= EXERCISE INSTRUCTIONS =
Please give back the listing below word for word and drop any images.

= DATA BLOCK =
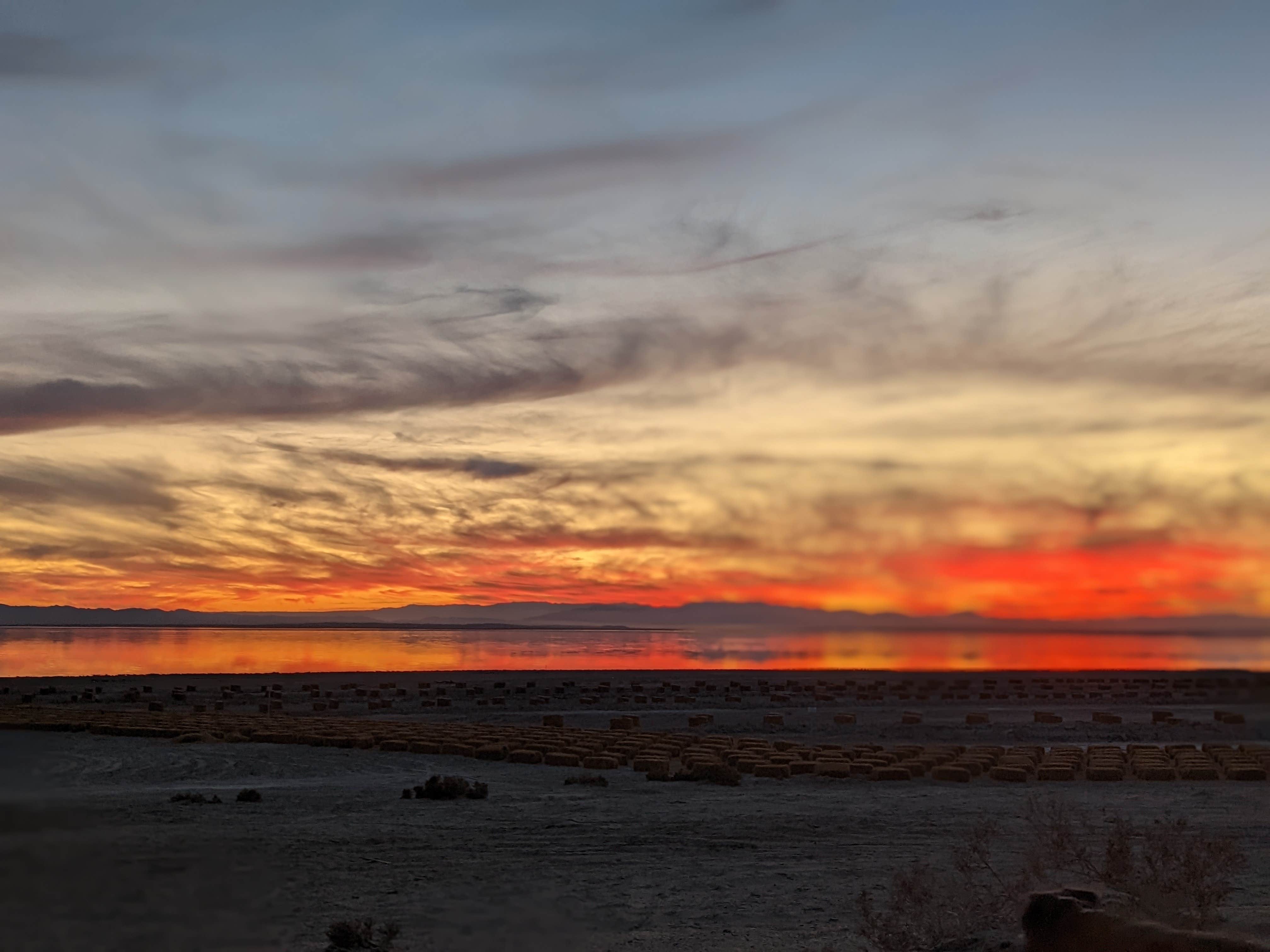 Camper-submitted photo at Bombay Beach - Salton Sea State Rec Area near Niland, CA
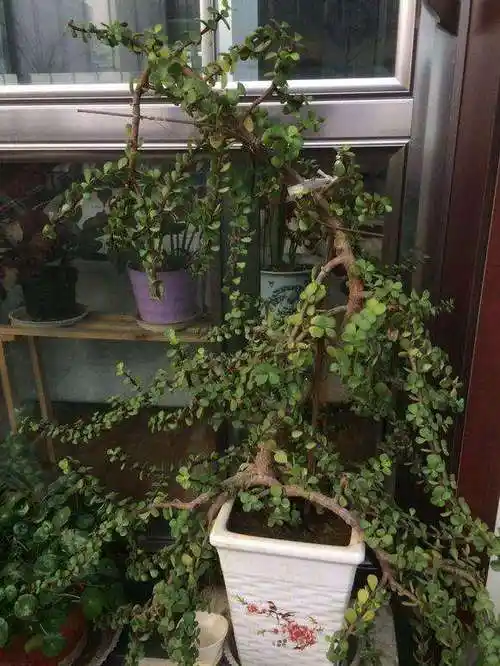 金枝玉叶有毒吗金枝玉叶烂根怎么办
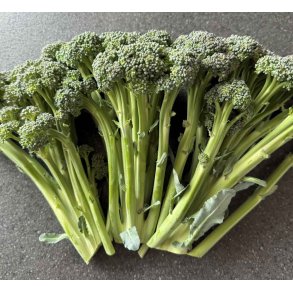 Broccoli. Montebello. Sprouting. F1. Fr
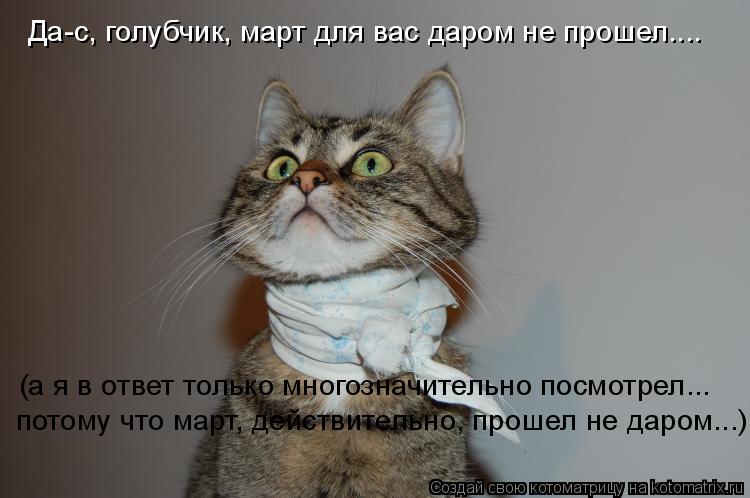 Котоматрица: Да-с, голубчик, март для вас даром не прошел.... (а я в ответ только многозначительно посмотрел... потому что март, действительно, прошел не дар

= SOLVED EXERCISE =
 Camper-submitted photo at Bombay Beach - Salton Sea State Rec Area near Niland, CA
 金枝玉叶有毒吗金枝玉叶烂根怎么办
 Broccoli. Montebello. Sprouting. F1. Fr
 Котоматрица: Да-с, голубчик, март для вас даром не прошел.... (а я в ответ только многозначительно посмотрел... потому что март, действительно, прошел не дар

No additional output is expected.